I should have realised it was heading downhill as Liz raised her eyes skywards.
And that was followed by tales of his pals who while cycling over the Alps had put underpants on their heads to keep their ears warm. I'm not sure I'm ready for all these Combo's but Shad if your reading this, make sure you clean your boxer shorts before we head for Snowdonia next week.
Finally congrats to the Obama chap, the best marketing campaign in history and a minor miracle to get the US to vote for a black socialist. Brilliant.
And finally in preparation for some top ten lists, this weeks obscure stuff off the top of your heads is obscure 80's indie bands. A band name and the best song would be good, I might even do a compilation album.
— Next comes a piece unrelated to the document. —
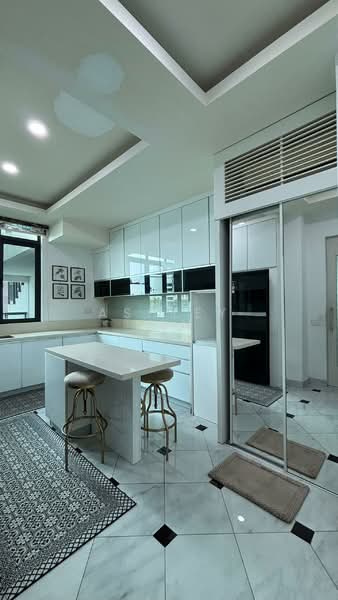Kondominium untuk Dijual di The LIGHT COLLECTION II - Ashley Tan - Kitchen - PropertyGuru.com.my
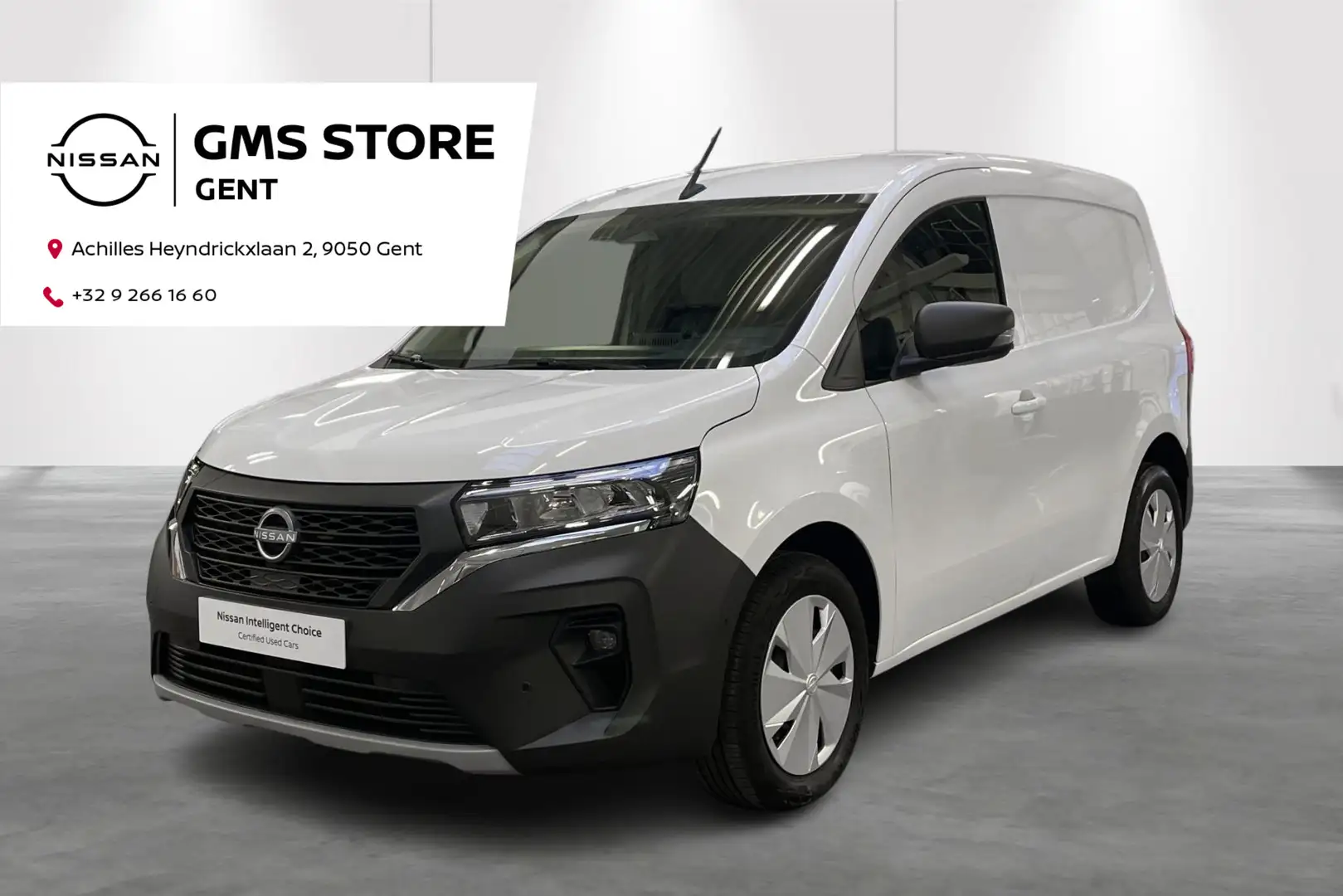 Nissan Townstar VAN N-CONNECTA L1H1| // GMS STORE NISSAN GENT Blanc - 1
And really finally last weeks winner by a country mile was Anon with Peter Francisco, Well done me badge links to be posted later
10 comments:
Really sorry about the all over the place Fonts, just can't sort it out.
Starter for one - The Chesterfields with the brilliant Johnny Dee. All chorus and jangly guitars
From the bowels of my vinyl collection;
The Edsel Auctioneer- Our New Skin (from Leeds, Wedding Present crossed with Husker Du, drummer was also in Pale Saints-1989)
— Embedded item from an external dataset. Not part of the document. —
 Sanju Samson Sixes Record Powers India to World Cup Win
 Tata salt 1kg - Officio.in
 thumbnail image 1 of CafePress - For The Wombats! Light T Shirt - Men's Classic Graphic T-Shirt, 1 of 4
Mr Ray's Wigworld- Faster Kittykat Play Play (marvellous early 90s Boo Radleys supporters)
Drive- Peephole (3 piece grunge from Wigan. Supported Mega City Four, Snuff and Leatherface until the cows came home)
I suspect that RB's list may be a bit on the shouty side so for balance
4 of us - Mary, a surprising No1 in Ireland and janglier than jangly Jim on jangly guitar at the jangly jamboree
The picture of the hawk reminds me on the song Coming back to life from David Gilmour and I have to say it is just brilliant,Paul!
It is so much lightness in this picture!
Greetings from mad Germany
Can't be bothered with this week's competition - let's face it, most indie is shit and should therefore be obscure. So I thought I'd add to the "best songs to finish a set with ever" competition...that singularly failed to get any response.
Except it isn't a song at all! It was Julian Cope at this year's Latitude festival. It's reported that at the end of his set he smashed up a lot of the equipment, then took the microphone to say: "kids, tell your children, tell your grandchildren, that men like me once walked the earth". He then dropped the microphone and walked off stage.
Cool or what?
I cant be arsed with this weeks competion either. My memory is better for snooker than music, so I suppose I could suggest The Matchroom Mob and their seminal tune Snooker Loopy. I'm fairly sure that wouldnt be on a major label.
And on Rich's (is that apostrophe right?) snooker players who should come from Grimsby I'd like to put forward Alison Fisher, the Womens World Champion from whenever Womens World Champions made the telly.
Nice pic of the hawk. You must have taken the opportunity to throw something at such a static target. Did you manage to bounce an apple core off its head?
Like Johann Wofgang von Goethe that would be real good pic with value.
Just seen that Think its all over mate of Copeys advertising Morrisons. Has he no shame? Not strictly relevant I admit, but it had to be said.
I'm not a huge fan of that shop anyway as the fruit is always manky. However, I suspect that Nicks fee was a damn sight higher than any of us would have charged. And we would have buried our shame a lot sooner
Late Entry for Indies
Swan Way - Soul Train
Took me time to read the whole article, the article is great but the comments bring more brainstorm ideas, thanks.